Es gibt diese Momente, diese Prüfungen, diese Aufgaben im Leben, bei denen alles passen muss. Meisterprüfung, Abschlussarbeit – diese Kaliber. Bei Mercedes war eine dieser Aufgaben bei allem Fokus auf die Elektromobilität die Entwicklung des neuen GLC mit dem Baureihencode X254. Der kommt erstmal recht traditionell als mildhybridisierter Benziner und Diesel sowie als Plug-in-Hybrid ums Eck, soll es aber trotzdem möglichst jedem recht machen – so wie bisher eben, denn kein Mercedes war in den letzten Jahren erfolgreicher.

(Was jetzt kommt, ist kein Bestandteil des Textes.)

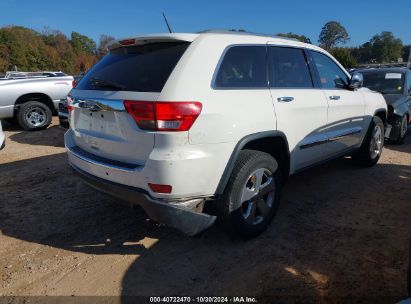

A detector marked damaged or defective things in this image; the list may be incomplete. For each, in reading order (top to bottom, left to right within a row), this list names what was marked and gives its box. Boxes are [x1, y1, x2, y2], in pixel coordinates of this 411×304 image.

damaged rear bumper [70, 164, 219, 235]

Dementsprechend erwartet uns hier kein aufmüpfiger Radikalo, der das Segment umkrempeln möchte, sondern eine Neuauflage, die es den überaus zahlreichen Kunden noch etwas mehr recht machen möchte. Und das gelingt ihm, sobald man mit dem luftgefederten Testwagen das erste Mal ein Schlagloch anvisiert. Komfort? Und wie! Das Ansprechen auf kurzen Wellen bleibt Luftfeder-typisch etwas spröde, aber alles andere überschwebt der GLC in einer beeindruckenden Gelassenheit.

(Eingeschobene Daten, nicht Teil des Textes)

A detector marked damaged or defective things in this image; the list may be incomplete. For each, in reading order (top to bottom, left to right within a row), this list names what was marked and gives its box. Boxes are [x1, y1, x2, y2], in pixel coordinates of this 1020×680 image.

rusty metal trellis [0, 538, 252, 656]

Ruhige Fahrt dank Akustikverglasung
Dabei bleibt er mit der optionalen Akustikverglasung auch ausgesprochen ruhig. Die Neunstufenautomatik schaltet gewohnt sanft und schnell und harmoniert bestens mit dem Zweiliter-Diesel des GLC 220 d, der mit schön nutzbarem Dauerdruck zwischen 1.800 und 4.000 Umdrehungen aufwartet. Zwar kann auch der Diesel bei aller Akustik-Finesse sein Arbeitsprinzip nie ganz verbergen, ist dabei aber nicht aufdringlicher als die Benziner, die sich vor allem bei hoher Leistungsabfrage akustisch stärker bemerkbar machen. Auffällig: Die Automatik wirkt mit den erst ab etwa 2.500 Umdrehungen wirklich zupackenden Benzinern etwas behäbig, gerade was das Herunterschalten angeht. Zwar bieten die Benziner spürbare Vorteile bei der Spitzenleistung, wirken aber mit ihrem später anliegenden Drehmoment und der obenraus recht prägnanten Akustik nicht so souverän wie der Diesel.
Vorerst wird der GLC nur als 200er und 300er-Benziner (204 und 258 PS) sowie als 220-Diesel (194 PS) angeboten. Ein 300 d folgt ebenso wie drei Plug-in-Hybride. Zwei von ihnen – GLC 300 e und 400 e kombinieren den E-Motor mit einem Benziner, was eine Systemleistung von 313 (300 e) bzw. 381 PS (400 e) ergibt. Auf der anderen Seite ist da noch der Diesel-Hybrid mit 335 PS Systemleistung, der mit seinen beiden drehmomentstarken Antrieben gut mit dem SUV harmoniert. Unter dem Kofferraumboden sitzt bei allen drei Varianten ein 31,2 Kilowattstunden-Akku, der außergewöhnliche Reichweiten zwischen 112 und 130 Kilometern nach WLTP und einer Schnellladeleistung von 60 kW ermöglicht. Damit soll der Akku in einer halben Stunde vollgeladen sein und der Plug-in-Hybrid auch ohne Förderung eine attraktive Alternative für GLC-Kunden bleiben.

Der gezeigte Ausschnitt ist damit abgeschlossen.